Policy

EXCLUSIVE: HONG KONG TO LEGALISE E-SCOOTERS IN 2023

A Ninebot F40 e-scooter in Wan Chai: such machines have been illegal to ride other than at very limited government trials

E-scooters are set to be legalised in Hong Kong next year, with a bill to be introduced to LegCo in early 2023, according to a high-level industry source with knowledge of the matter.

According to the source, the Secretary for Transport & Logistics Lam Sai-hung is preparing legislation that would see certain “e-scooters” and possibly other e-mobility devices legalised for use on cycle paths.

The source says the legal framework would likely be along the lines already mooted by Transport Department (TD): this would see only devices bearing CE marks and meeting certain technical standards allowed, with only devices below a certain power approved, and then only for use on dedicated cycle tracks. It is thought helmets would be mandatory, in-line with government plans to make helmets mandatory for cyclists and aligning with government e-mobility trial protocols.

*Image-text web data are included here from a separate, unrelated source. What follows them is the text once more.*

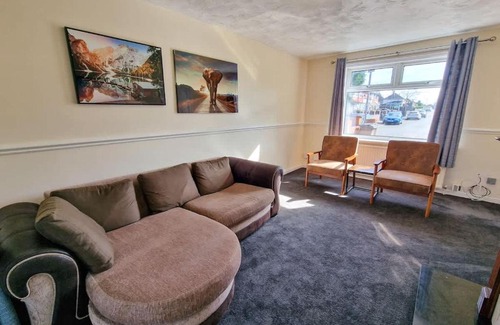 Broadheath Casa | Wythenshawe 3 bed Family Home by City SuperHost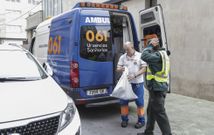 El pescador deportivo herido fue trasladado en ambulancia al centro de salud de Malpica. 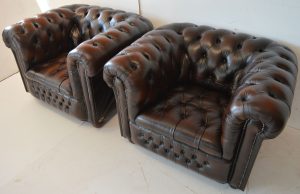 Tijdloze klasse deze luxe Chesterfield set buttoned seat. De ruime 3½-zits bank en twee bijpassende fauteuils met buttoned seat. Verfijnde elegantie.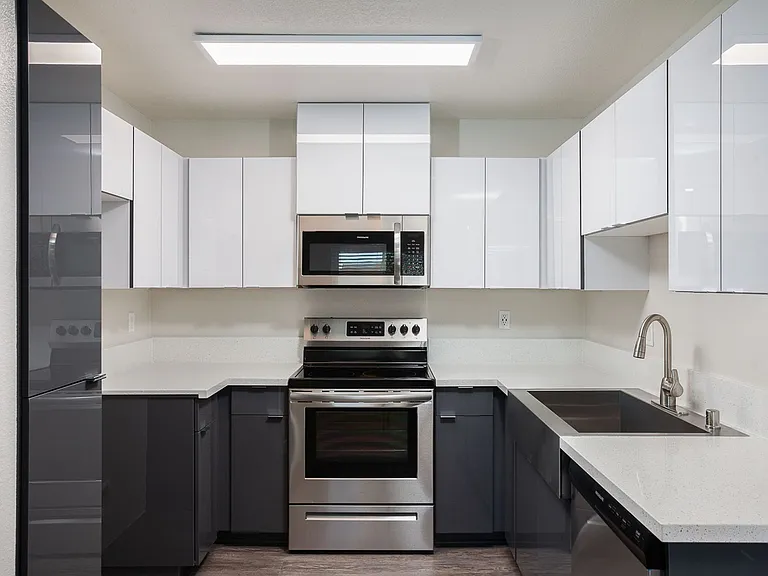 West Fifth Apartments — Photo 10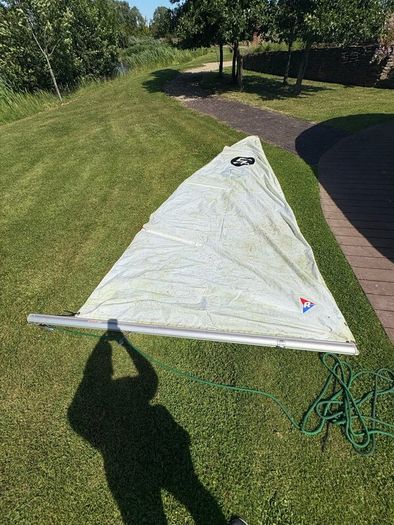 Sailing boat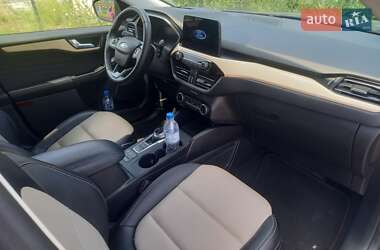Внедорожник / Кроссовер Ford Escape 2022 в 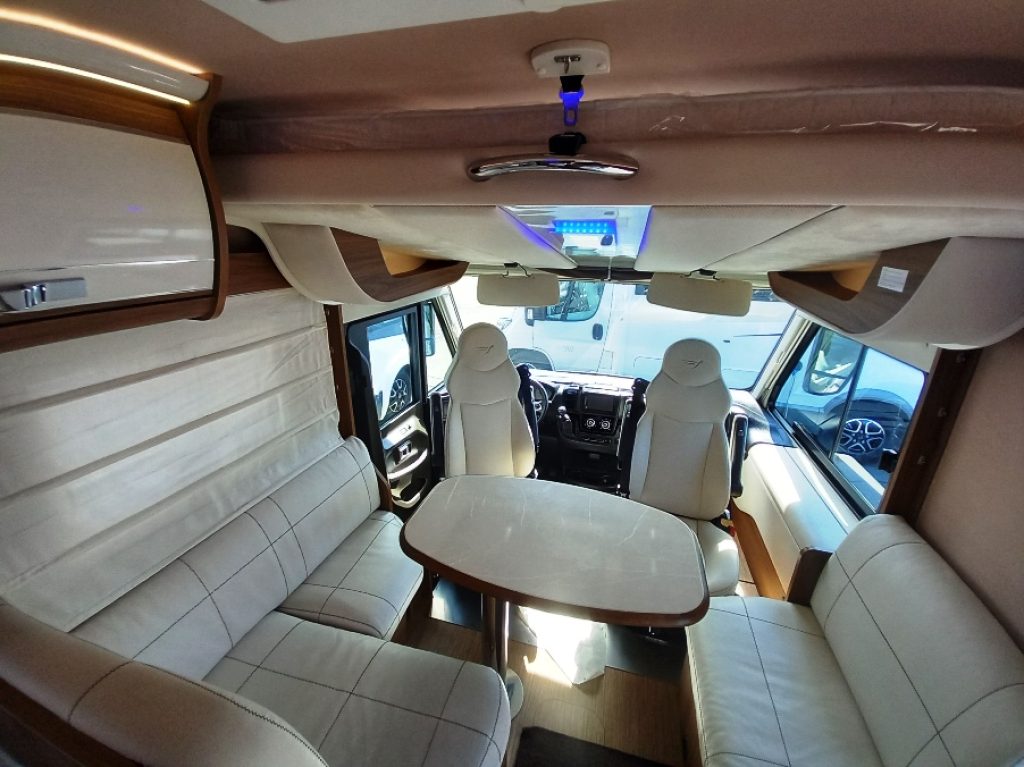 H 699 GLG motorhome letti gemelli doppio pavimento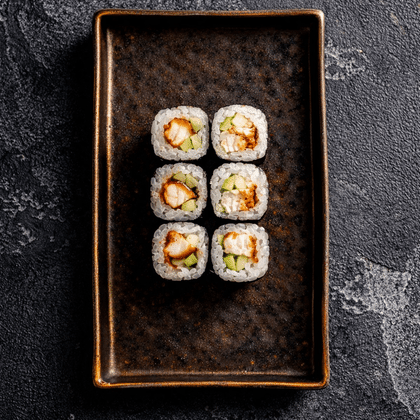 Маки ролл с угрем и огурцом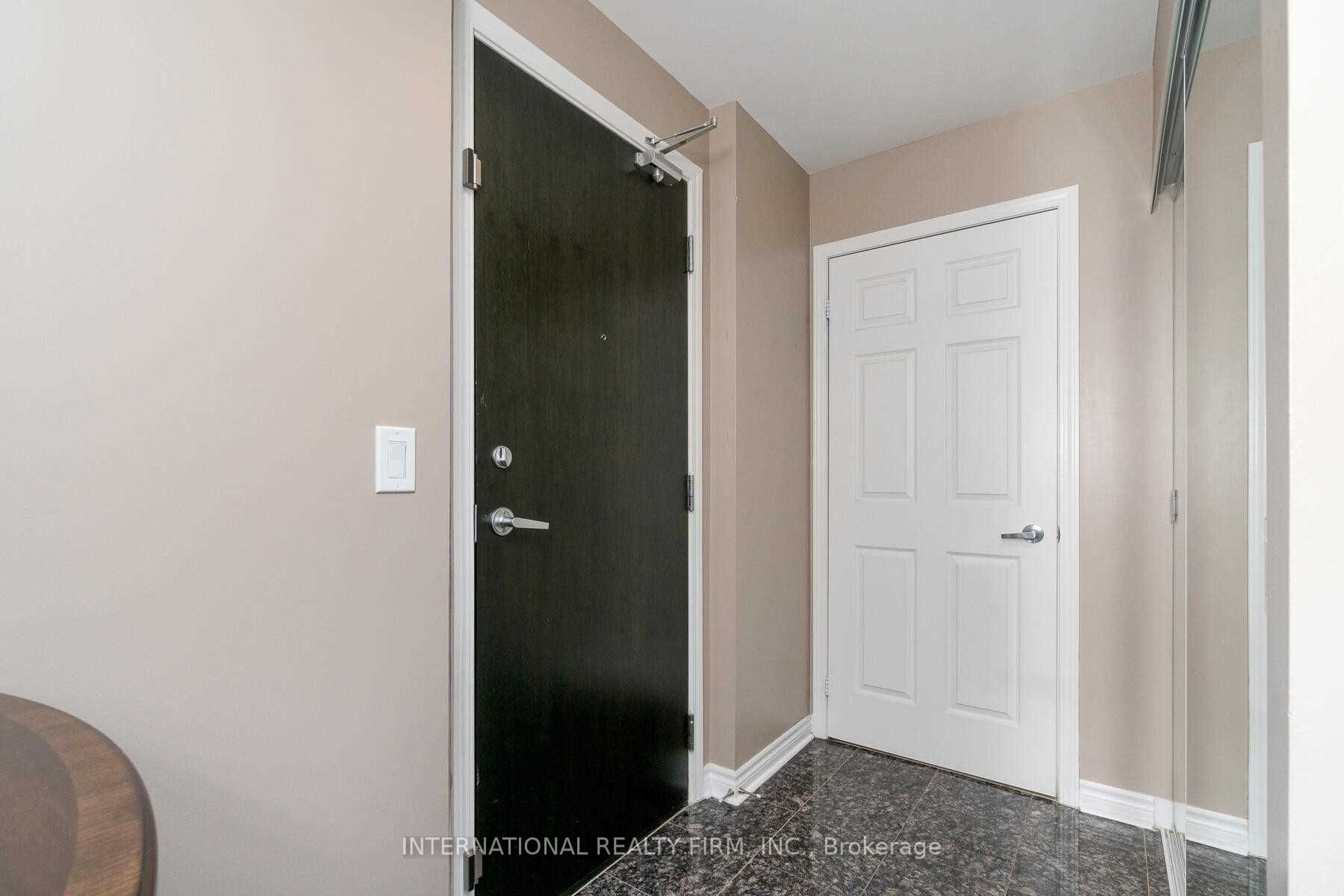 388 Prince Of Wales Drive 2004, Mississauga, ON L5B 0A1 photo 3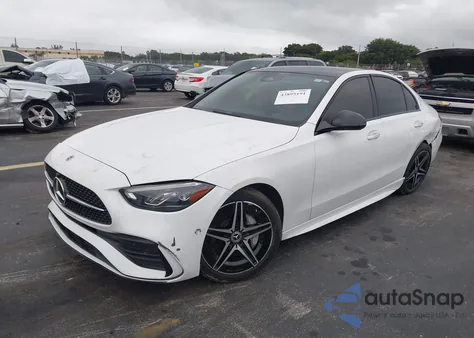 2023 Mercedes-Benz C 300 Sedan z USA, uszkodzony, nr VIN W1KAF4GB8PR110033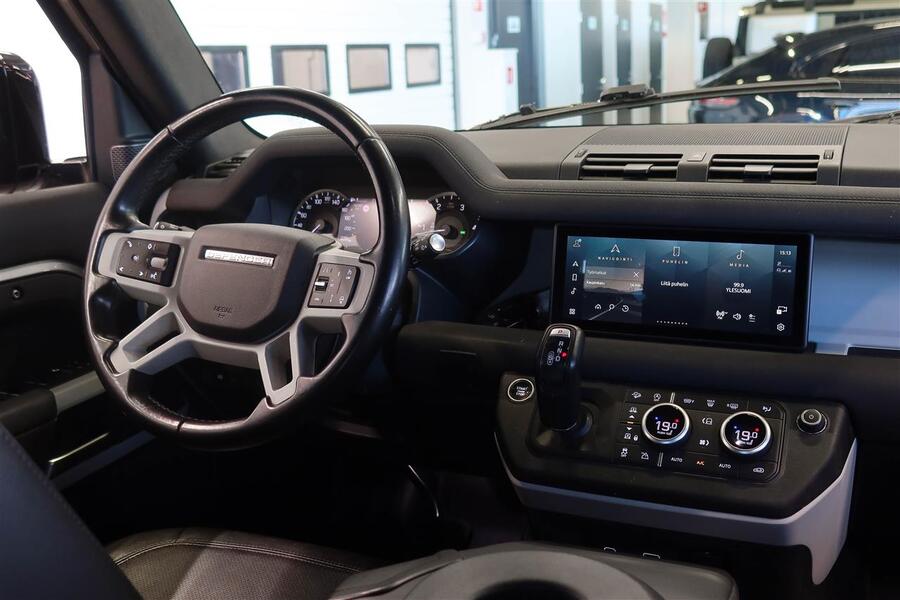 Land Rover Defender vaihtoauto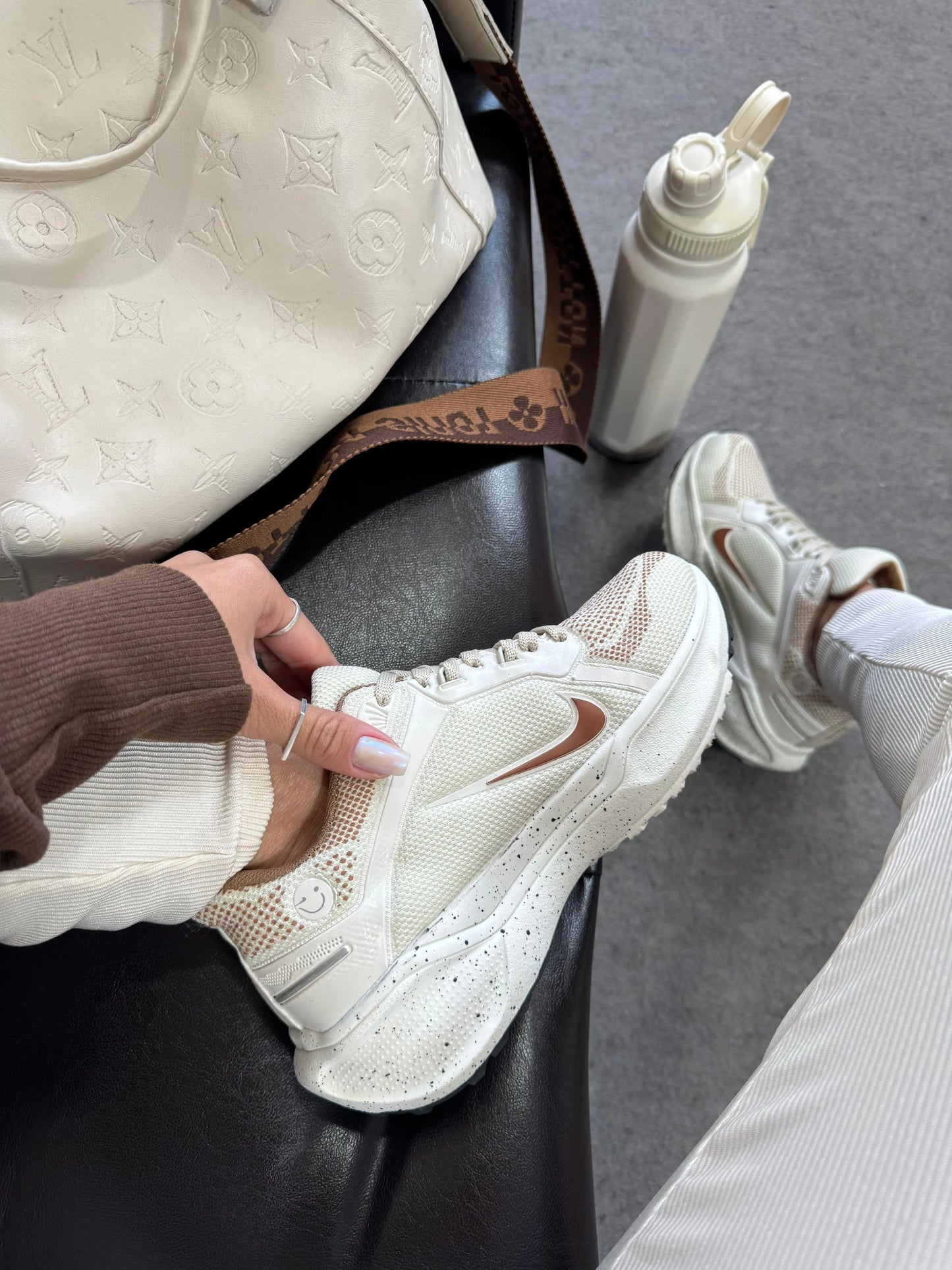 Tenis NK Air Zoom Pegasus 41 Areia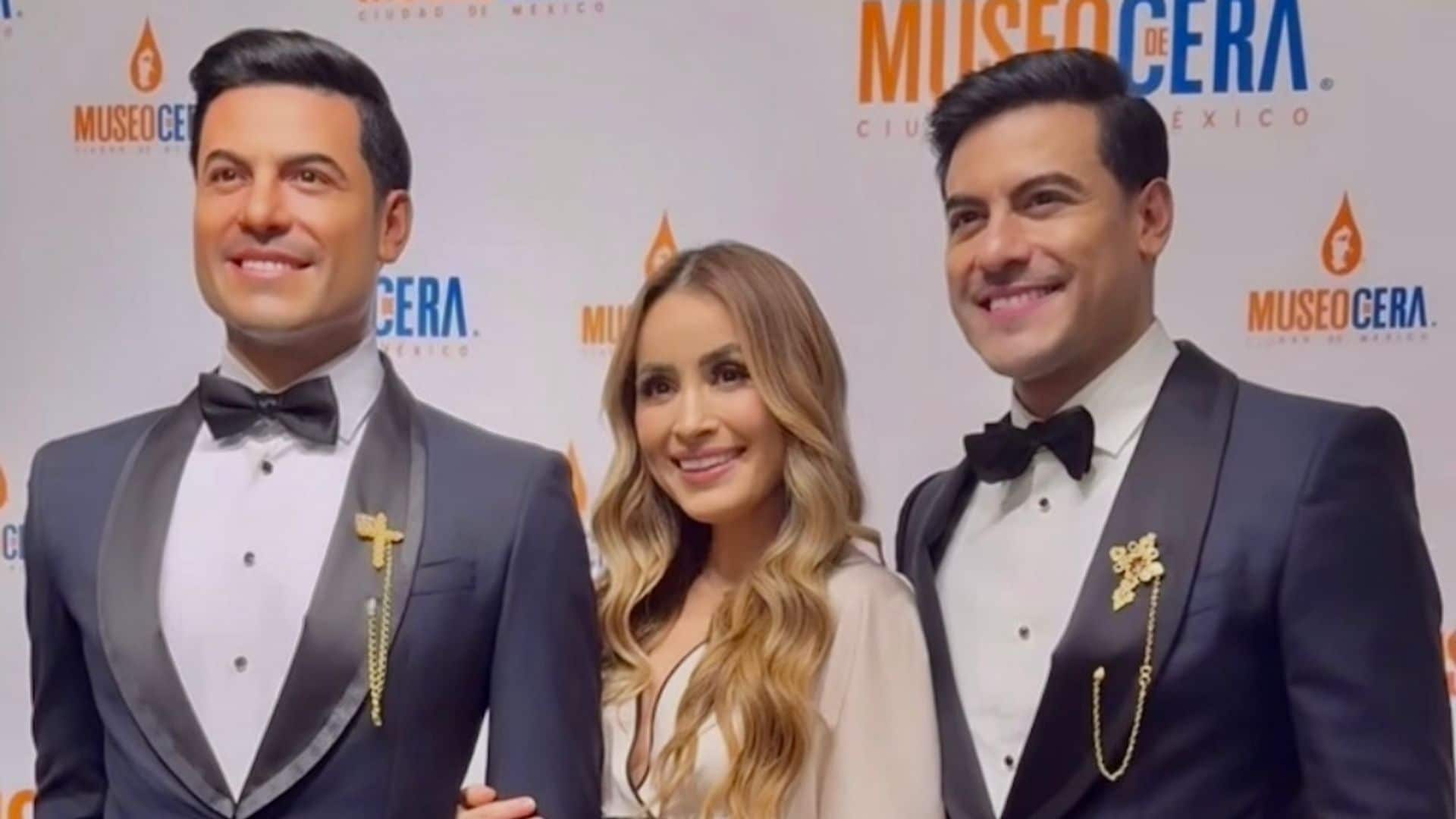 Carlos Rivera en la develación de su estatua de cera junto a Cynthia Rodríguez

Electric cargo bikes would not be covered by the new legislation, which would limit the physical size and power of devices to smaller than the standard e-cargo available.

The government has, until now, stymied the widespread adoption of e-mobility devices such as e-scooters and e-bikes, with police making hundreds of arrests of those using the devices and TD rolling out just three limited trials on portions of cycle track, two of which ran for just 48 hours each.

The latest trial, running for six months from Hong Kong Science Park, has seen just 40 users sign up, according to TD figures.

But the slow uptake of trial registrations perhaps belies the e-mobility interest in the city, according to sources in the community, with the TD trials limiting legal use of e-scooters and other approved e-mobility devices to the cycle track only.

Riding the device to the trial from home, the MTR or public transport would be illegal. And with most e-mobility devices not designed for carrying, the legal limitation has put users off.

Lawmakers last week question the government on its e-mobility policy, with concerns over fire risks of low-quality devices. The government revealed there had been 30 fires caused by e-mobility devices in the last few years, at least one of the fatal. Proponents of legalising the devices say this will make them safer.

E-mobility makers and associations have been contacted for comment on the new laws.